I was a pretty proficient funeral director as a child. The small mammals of our house were always laid to rest with soft tissues lining their checkbook box caskets. I wept over them, sang my dirges, and laid flowers over their backyard graves. I’d visit their plots, I’d agonize over them being in the cold, dark earth, all alone.
All of my love had nowhere to go, no furry heart to land on. There was Murphy the Gerbil, Lougee the Mouse, and Blueberry the Hamster, plus a neighborhood bird with a broken wing. If love could cure, they’d have lived forever.
I’ve read a new book, “Piggy In Heaven” by Melinda Johnson which gently and joyfully tells of a beloved guinea pig’s first day in Heaven. He rolls in the grass, munches, and hops about, sans cage, and his new pig friends gradually reveal where he is and why. When they’ve ever so tenderly explained to him that he died he responds, “I didn’t know that was going to happen!” Isn’t that just the bewilderment that children experience when their pet dies? How I wish I’d had this book as a grieving child! It would have revealed to me that God too loves his creatures; that I was not alone in my love, nor my grief; that the end of earthly life means a beginning of eternal life.
What is perhaps most beautiful to me personally is the reminder that love is never wasted. We do not need to hold back our fullest and deepest love in order that we might be less vulnerable to eventual losses. We can live full-heartedly, and hope in God’s wonderful mercy that the ones we love might just be waiting for us on the other side.
So, if the little ones in your life are mourning the loss of a pet, consider this beautiful, hope-filled book, and if you’re crafty I’ve included a pattern I made with the help of my dear friend Kristina Wenger (Plush-Maker Extraordinaire!) for making a stuffed Piggy to go with it!
- minky fabric, 1/4 yard in the color you like (you can make several piggies with this!)
- a small bit of felt, I chose light brown
- pink embroidery thread or a stuffed animal nose or button
- black beads or stuffed animal eyes on posts
- needle and heavyweight thread
- Piggy Pattern printed (say that five times fast!)
To make, trace out the pattern pieces on minky fabric, or any other furry material that delights you, being aware that the fluffier it is, the harder it will be make the eyes and nose findable!
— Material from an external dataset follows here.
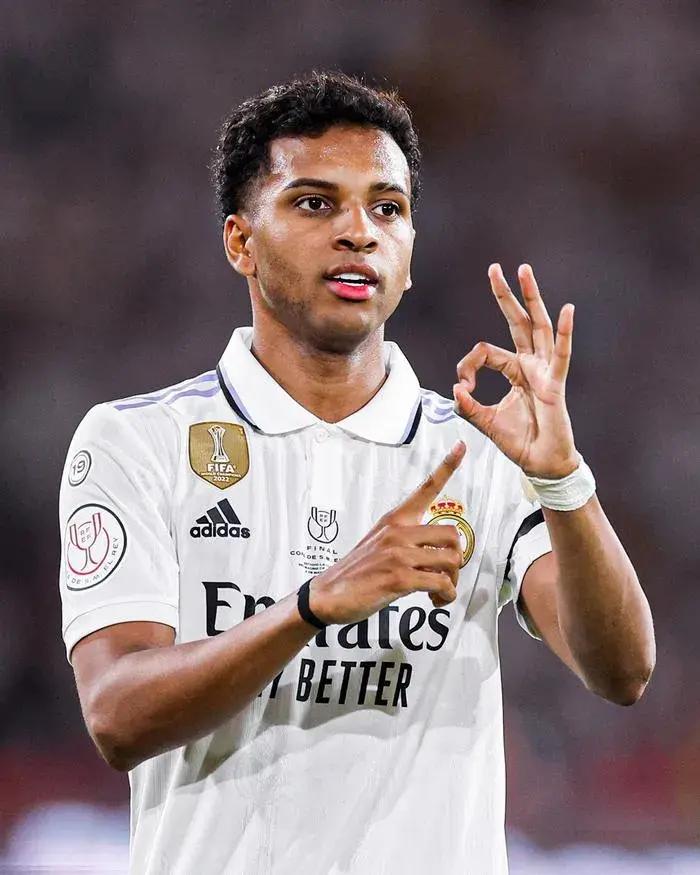 拜仁首选罗德里戈球员不再拒绝离开皇马的简单介绍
Make sure you flip the body pattern piece when you cut the second one so that you have the fur right side out on both sides.
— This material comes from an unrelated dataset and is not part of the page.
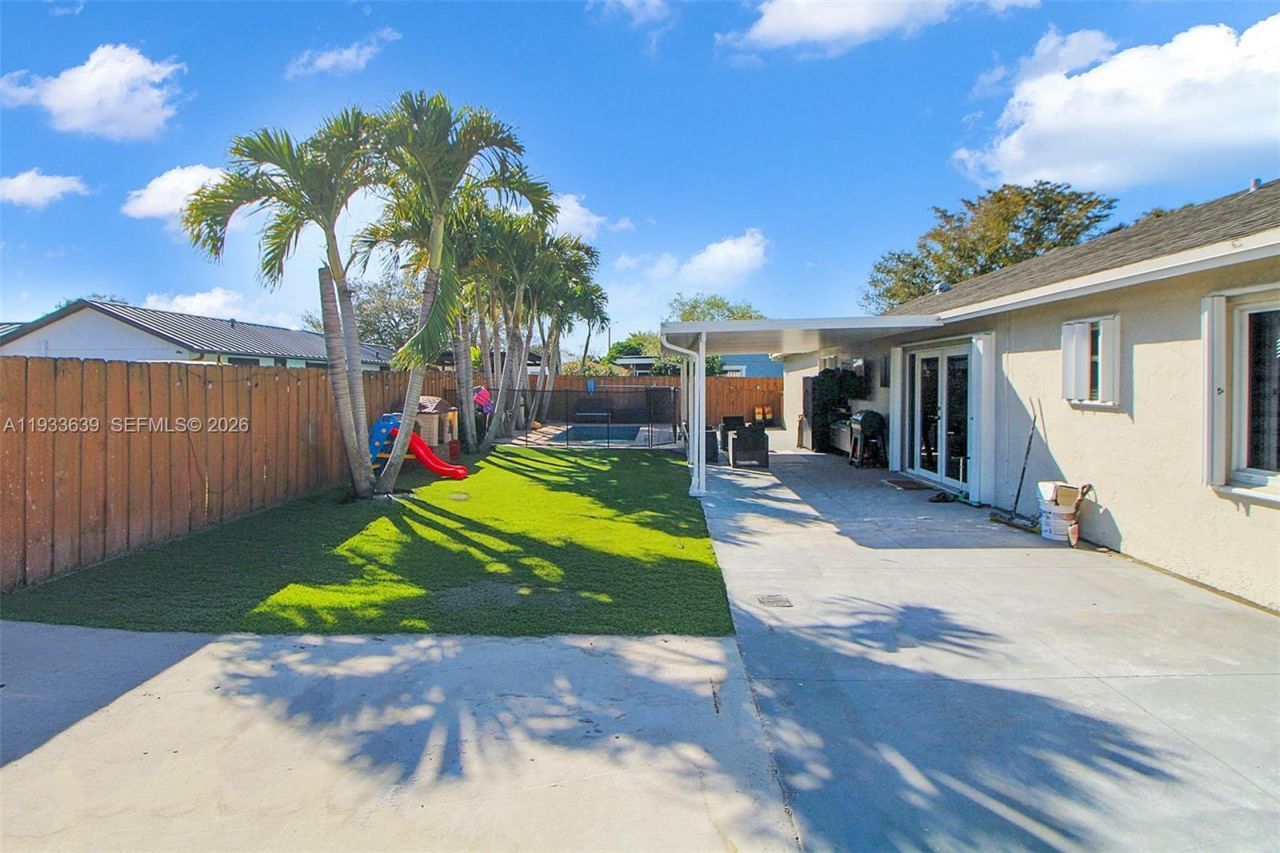 14232 SW 155th St, Miami, FL 33177 Photo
I recommend cutting out the furry parts outside as you will indeed be covered in foof, and the pieces can be shook out to disperse the fluff out of doors rather than on your floors. Also, you will now look like you’ve taken up another job at a pet grooming shop.
Cut out the ears from felt and pinch together and hand stitch to make a curved shape.
Clip open the ear slot and either machine or hand stitch the ear in place. If using stuffed animal eyes, insert them now too. If using beads as eyes you’ll attach them later.
Using a 1/4″ seam allowance, sew one side to the tummy panel (right sides facing) beginning and ending at the dots A and B on the pattern. Sew the opposite side to the tummy panel as well. Sew shut the back, leaving a 1.5″ gap for turning it right side out. Double check all seams to make sure there are no holes.
It may be tricky to work the presser foot around the eye posts, so hand sewing that area may be necessary
Turn right side out and if using a post nose, snip a tiny hole at the front and insert and secure from inside the piggy.
Stuff with desired fiber fill, hand stitch the hole shut. For beaded eyes use heavy thread, doubled, and a long needle. Position the needle and pull the thread through the face to the other side making sure the eyes will be even. Add a bead and plunge back through, adding the other bead, and go back and forth until the eyes are quite secure. Pull the thread slightly so that the eyes sink inward, forming the face shape guinea pig style. Double knot and snip threads close to the surface. The same looping-pull is done if you used eye posts to give it a nice shape. If you didn’t add a nose yet, use embroidery thread to add a pink triangle nose.
Have the eyes disappeared on you? Time for fur-scaping! Using sharp, small scissors trim away the surrounding fluff so that the eyes stand a chance of peering out at the world.
You are done! Snuggle at will.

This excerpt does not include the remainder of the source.